## What you will do:
All of the listing should be returned as written, apart from any picture in it.

## Given material:
══════

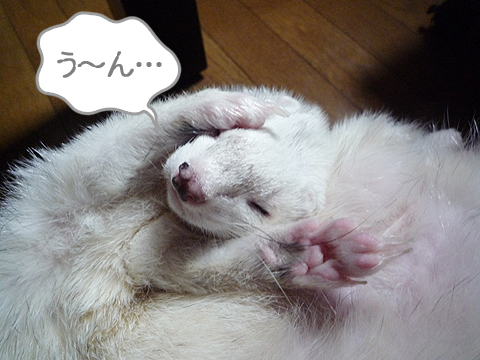 隊長が悪いです。いえ、体調が悪いです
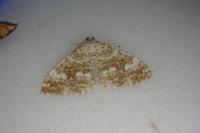 Perizoma flavofasciata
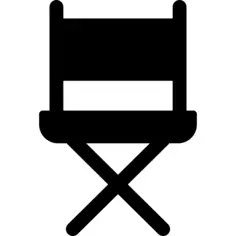 Director chair
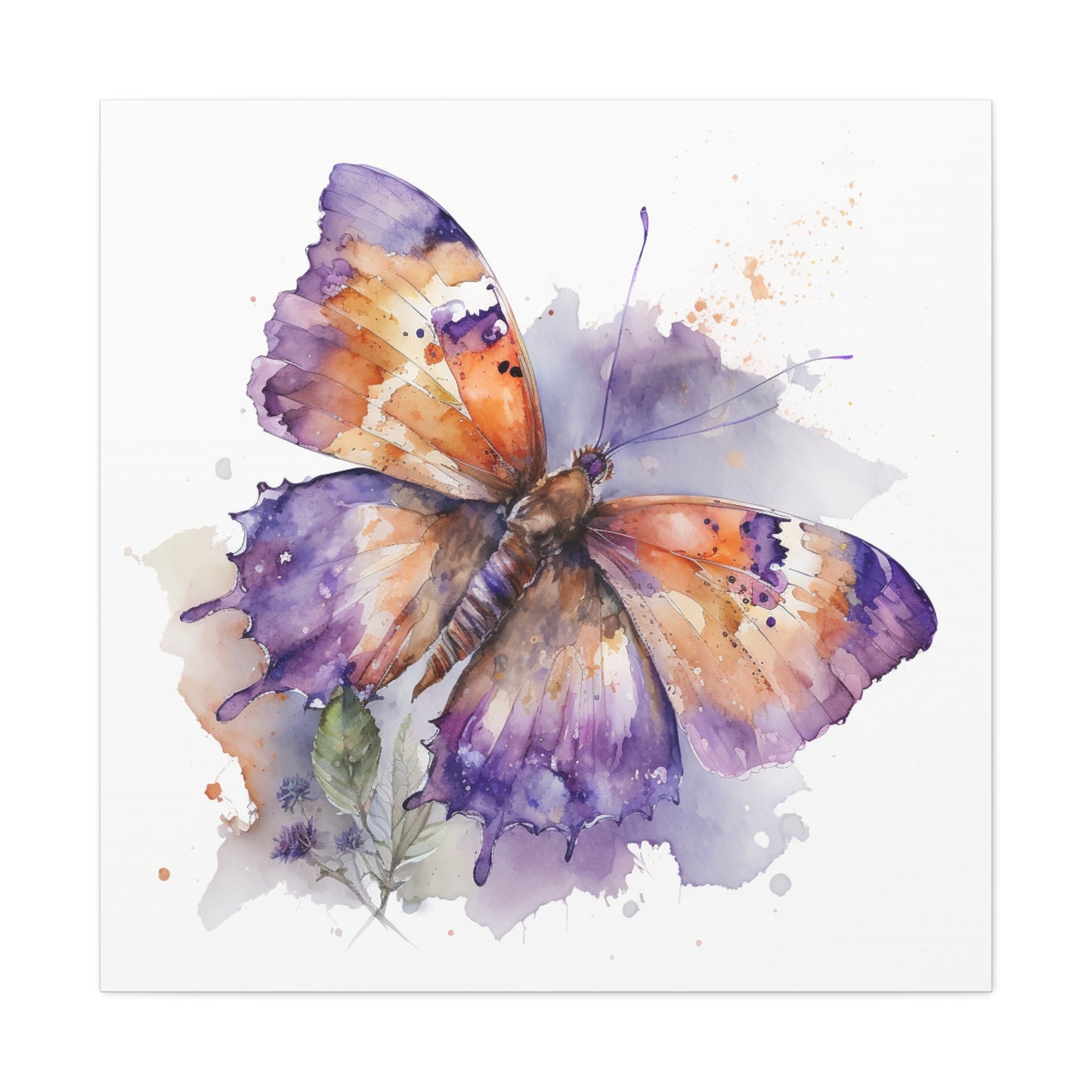 Canvas Gallery Wraps MerlinRose Watercolor Butterfly 1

══════

## Solution for this exercise:
 隊長が悪いです。いえ、体調が悪いです
 Perizoma flavofasciata
 Director chair
 Canvas Gallery Wraps MerlinRose Watercolor Butterfly 1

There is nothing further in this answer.